Recovering from a Disaster in an Exchange Server 2010 Environment : Recovering from a Site Failure

1/8/2011 4:09:12 PM

When a site becomes unavailable because of a physical access limitation or a disaster such as a fire or earthquake, steps must be taken to provide the recovery of the Exchange server in the site. Exchange Server does not have a single-step method of merging information from the failed site server into another server, so the process involves recovering the lost server in its entirety.

To prepare for the recovery of a failed site, an organization can create redundancy in a failover site. With redundancy built into a remote site, the recovery and restore process can be minimized if a recovery needs to be performed.

For environments in which SLAs offer little time to bring up a recovery location, administrators should strongly consider implementing Database Availability Groups, a new feature of Exchange Server 2010 that replaces CCR and SCR.

Creating Redundant and Failover Sites

Redundant sites are created for a couple of different reasons. First, a redundant site can have a secondary Internet connection and bridgehead routing server so that if the primary site is down, the secondary site can be the focus for inbound and outbound email communications. This redundancy can be built, configured, and set to automatically provide failover in case of a site failure.

The other reason for a redundant site is to provide geographic failover to allow for transparent disaster recovery. In Exchange Server 2010, although you could build a “warm standby” site in which you would install Exchange Server 2010 when needed for recovery, that would provide no benefits versus building a redundant site that is already replicated with the mailbox data. This is exactly what Database Availability Groups provide when placed in a site that also has the Client Access Server and Hub Transport Server roles available.

If you plan to utilize redundant DR sites, be sure to update those sites with patches and applications as you apply them to the production systems. This ensures that the remote replicas are usable should you have a failure in the primary location.

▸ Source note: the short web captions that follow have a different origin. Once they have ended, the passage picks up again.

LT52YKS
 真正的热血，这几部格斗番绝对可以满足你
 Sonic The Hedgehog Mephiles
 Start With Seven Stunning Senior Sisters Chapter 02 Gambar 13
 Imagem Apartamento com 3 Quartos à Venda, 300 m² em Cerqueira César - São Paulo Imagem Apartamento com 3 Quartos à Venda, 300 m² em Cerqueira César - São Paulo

Creating the Failover Site

When an organization decides to plan for site failures as part of a disaster recovery solution, many areas need to be addressed and many options exist. For organizations looking for redundancy, network connectivity is a priority, along with spare servers that can accommodate the user load. The spare servers need to have enough disk space to accommodate a complete restore. As a best practice, to ensure a smooth transition, the following list of recommendations provides a starting point:

Allocate the appropriate hardware devices, including servers with enough processing power and disk space to accommodate the restored machines’ resources.
Host the organization’s external DNS zones and records using primary DNS servers located at an Internet service provider (ISP) collocation facility, or have redundant DNS servers registered for the domain and located at both physical locations.
Publish the recovery site’s IP address as a lower-priority MX record. This way, when the recovery server comes online, you won’t have to wait for DNS propagation to advertise the new MX record.
Ensure that network connectivity is already established and stable between sites and between each site and the Internet.
Create at least one copy of backup tape medium for each site. One copy should remain at one location, and a second copy should be stored with an offsite data storage company. This is necessary only if recovery of mailbox data beyond the internal retention policies is needed.
Have a copy of all disaster recovery documentation stored at multiple locations and at the offsite data storage company. This provides redundancy if a recovery becomes necessary.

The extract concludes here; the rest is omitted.